The Portland, Ore. native knows a thing or two about soccer.
Despite her height — she likes to say that she is 5-2 and one quarter-inch — Milbrett was a scoring terror no matter what level she was at. She set goal-scoring records at the University of Portland. She was the first MVP and goal-scoring leader while performing for the New York Power in the Women’s United Soccer Association, the first incarnation of women’s professional in the U.S. And she was a 100-goal scorer for the U.S. women’s national team as a member of an Olympic gold-medal winning side (1996) and a world championship squad (1999). And as they say, that’s just scratching the surface of her career.
The 46-year-old Milbrett said the American sporting public is obsessed about winning.
“How many articles that you read coming out of everywhere else in the rest of the world and they’re essentially saying these things,” she said in a recent interview. “In our American culture we’re so obsessed with, if we won, then we’re doing everything right. No, that doesn’t necessarily mean that. We have to take warning of the rest of the world and the younger ages advancing so quickly because they’re doing the soccer thing. We need to do the soccer thing, too, not just train the athletes, right?”
For years, B.W. Gottschee of the Cosmopolitan Junior Soccer League has espoused the motto, “Be with the ball” and the winning would come eventually. It usually has, given the club’s success not over years, but decades.
More clubs and teams have followed that philosophy, but for Milbrett, it apparently is not enough. A soccer mentality and a soccer IQ are needed.
“We are playing a sport where you need certain skill sets with many different things,” Milbrett said. “You just can’t be able to run and be powerful with strength. You have to have to be able to make decisions. You have to able to be aware of the game off the ball. You have to be able to do something with the ball. We cannot continue to train track stars, we have to train soccer players to what the sport demands.
“I don’t see that happening a lot because in our culture it’s all about the winning element and again, … and we’re starting at 8-, 9- and 10-years-old, the winning element that is demanded by parents and facilitated by clubs or otherwise they’re going to lose players. So, of course, you take the biggest, fastest, strongest from a very early age. It’s a very simple no wonder that its going down this path. Yes, there’s no question that you have to have physical demands, you have to be able to handle the physical and mental demands.
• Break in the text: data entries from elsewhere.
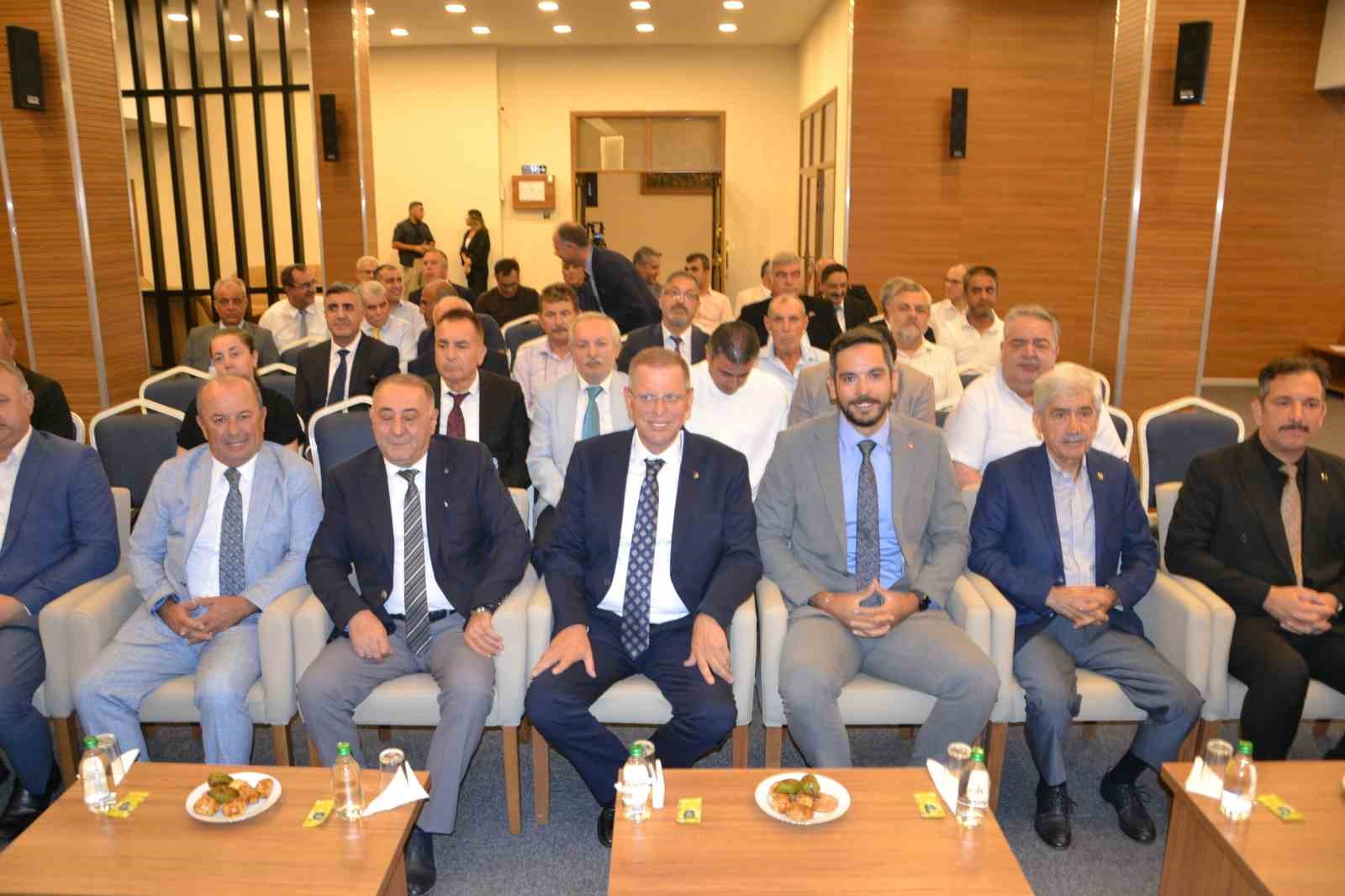 manisa-ticaret-borsasindan-450-ogrenciye-egitim-destegi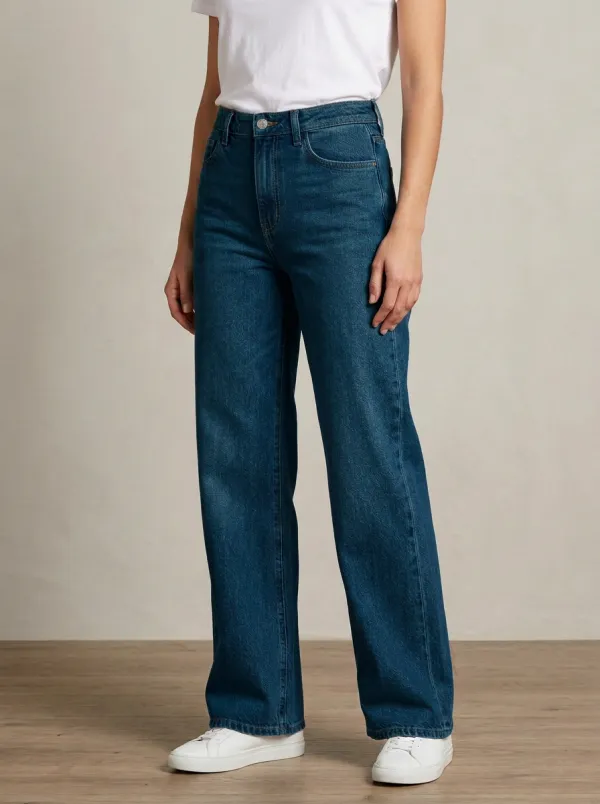 Easy-Wear Wide-Leg Denim Jeans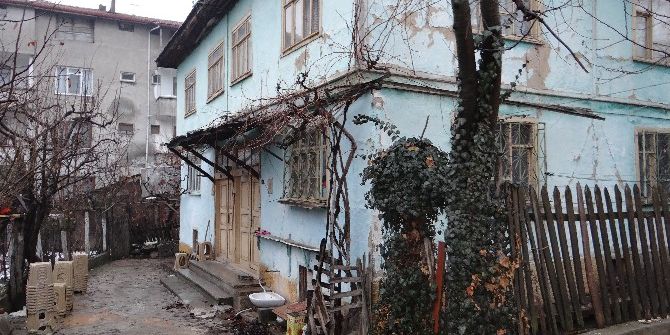 87 Yaşında Yalnız Yaşayan Şahıs Evinde Ölü Bulundu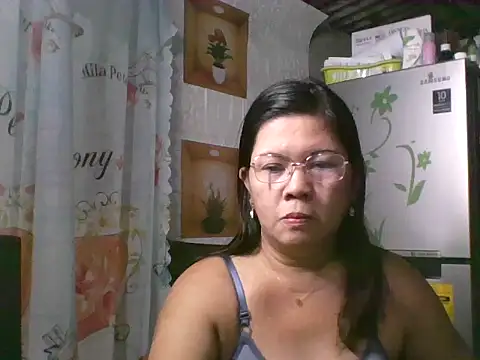 Snapshot of asian_bhebs1 chatting on October 27, 2025, 2:29 pm asian bhebs1 online show from October 27, 2025, 2:29 pm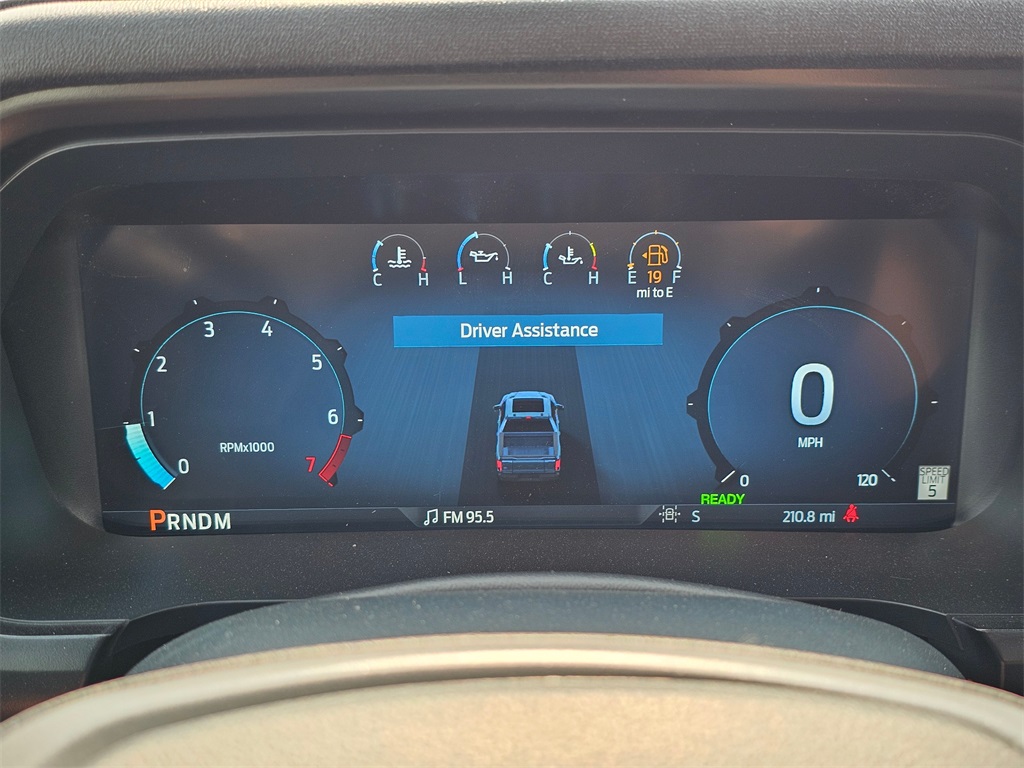 2025 Ford F-150 Lariat photo 29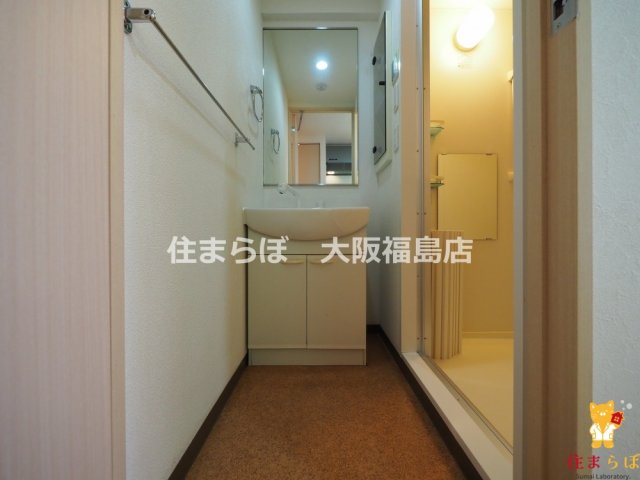 地下鉄御堂筋線 新大阪駅 徒歩5分 7階建 築21年の内装写真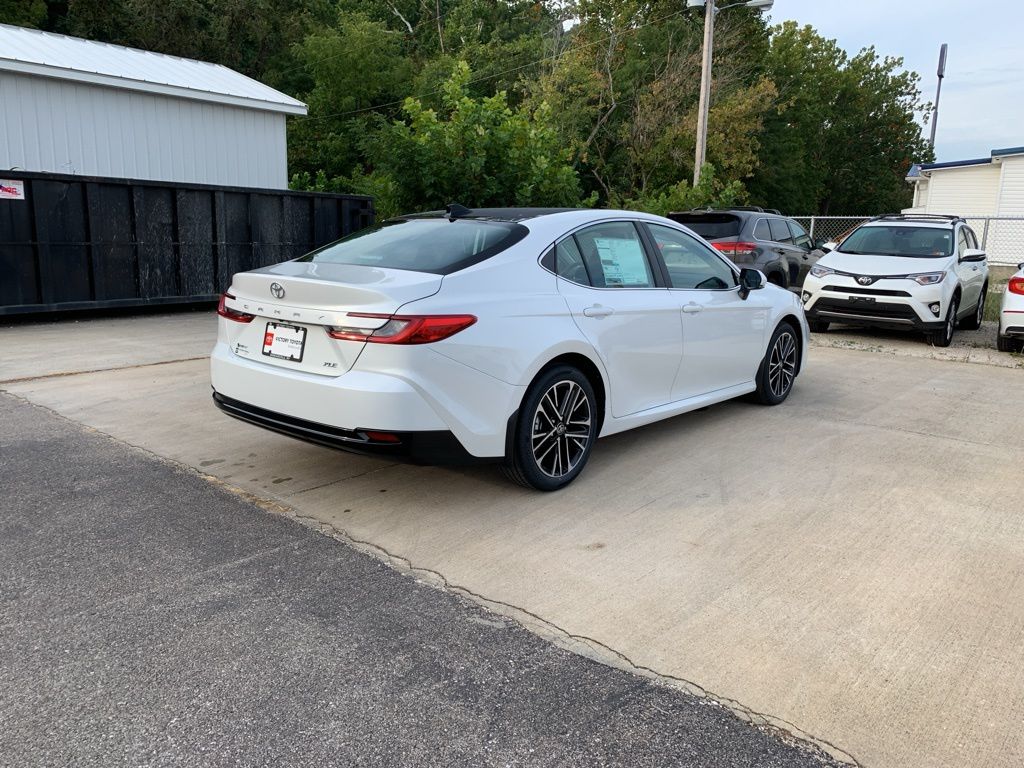 2026 Toyota Camry Hybrid XLE photo 3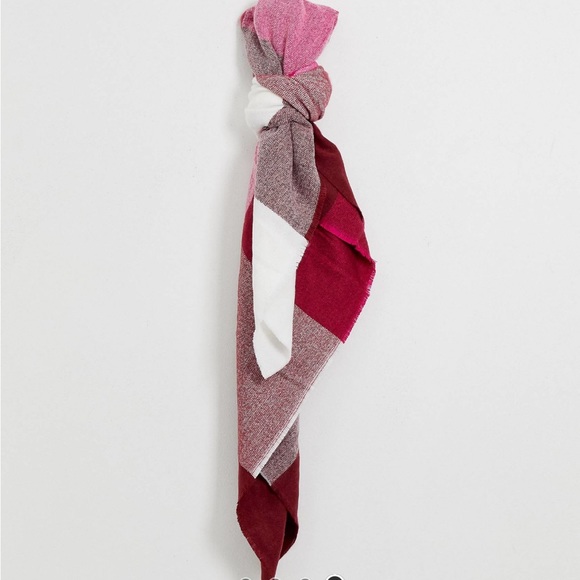 ASOS Design Oversized Square Woven Scarf in Checkered Pink - Picture 5 of 8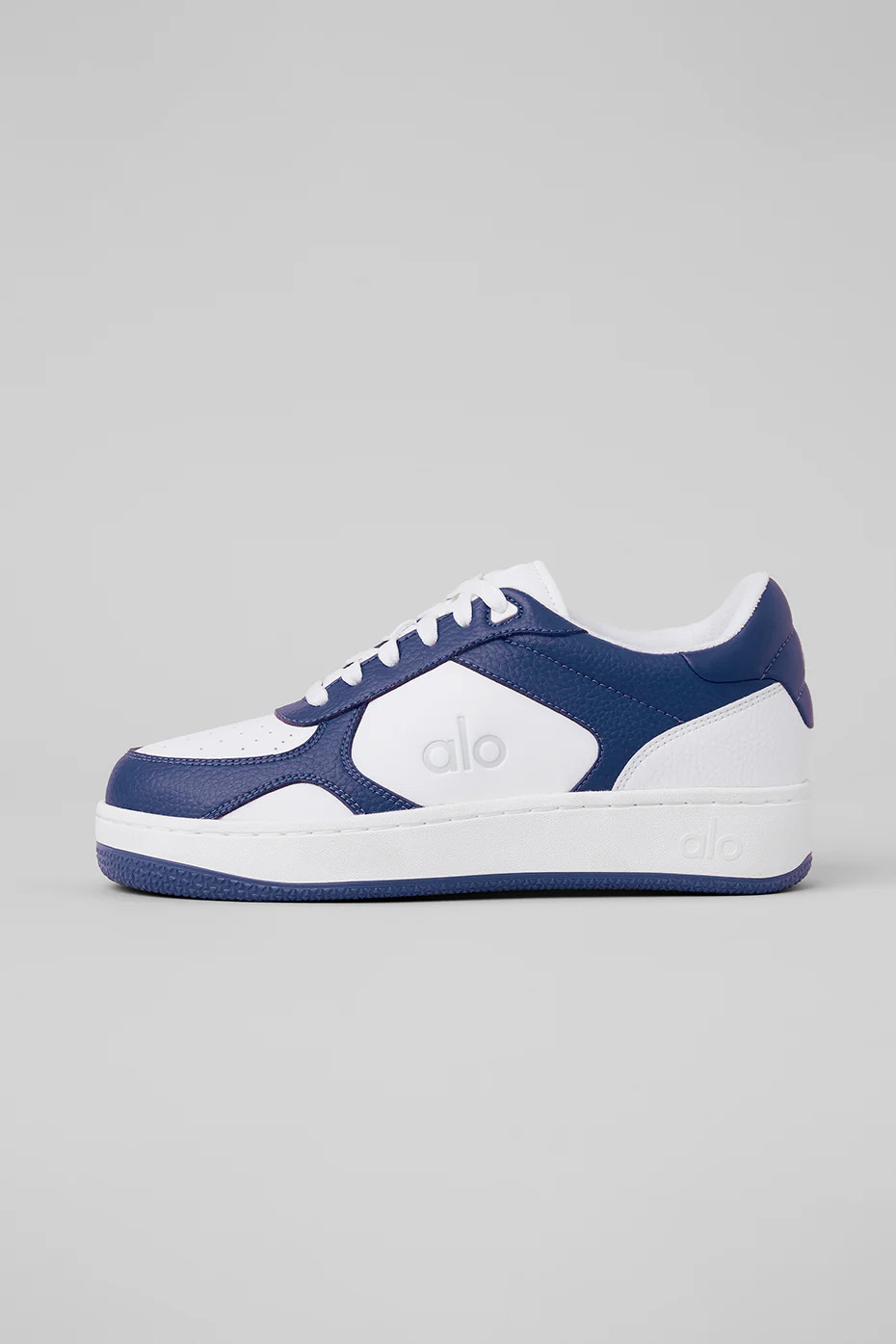 ALO Recovery Mode Sneaker in Navy/White Blue, Size: 3.5M/5W | Alo Yoga (US)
If I see a young player who is a smaller player … they play small because they are afraid of the physicality and [are] mentally hesitant.
“You have to have a certain mental, emotional and physical application for the level of where you’re at, but if you’re a better soccer player and you compete matching those things, I’ll take a smaller player any day over just a fast forward, physically strong player because that’s a soccer player. There’s no reason why you can’t train both because you also need to able to know what the game demands and how to train that in. But that takes years of layering in that. I don’t know if we have the patience. I don’t understand our culture … We will continue to suffer internationally, and we are and are already for sure.”
As for the U.S.’s chances in the Women’s World Cup France next summer, Milbrett said that there will be a challenge and a half given the quality of opponents. Last month the Americans qualified for their eighth appearance at the world championships.
“As you get to the oldest level, anything can happen,” she said. “Obviously, we saw it with the men’s side. On paper, they were absolutely qualified through and should have been. But when you get to the highest level because of the adult game and bodies and capability, anything can happen. I obviously give the U.S. team an opportunity, for sure.
“Back in the heyday, I played in three World Cups and we only won one. It’s nothing against the current crop. It’s the nature of the competition and nature of the beast. But of course, probably the U.S. is always one of the top contenders. A lot of people would bet on the U.S. … That to me hasn’t changed.”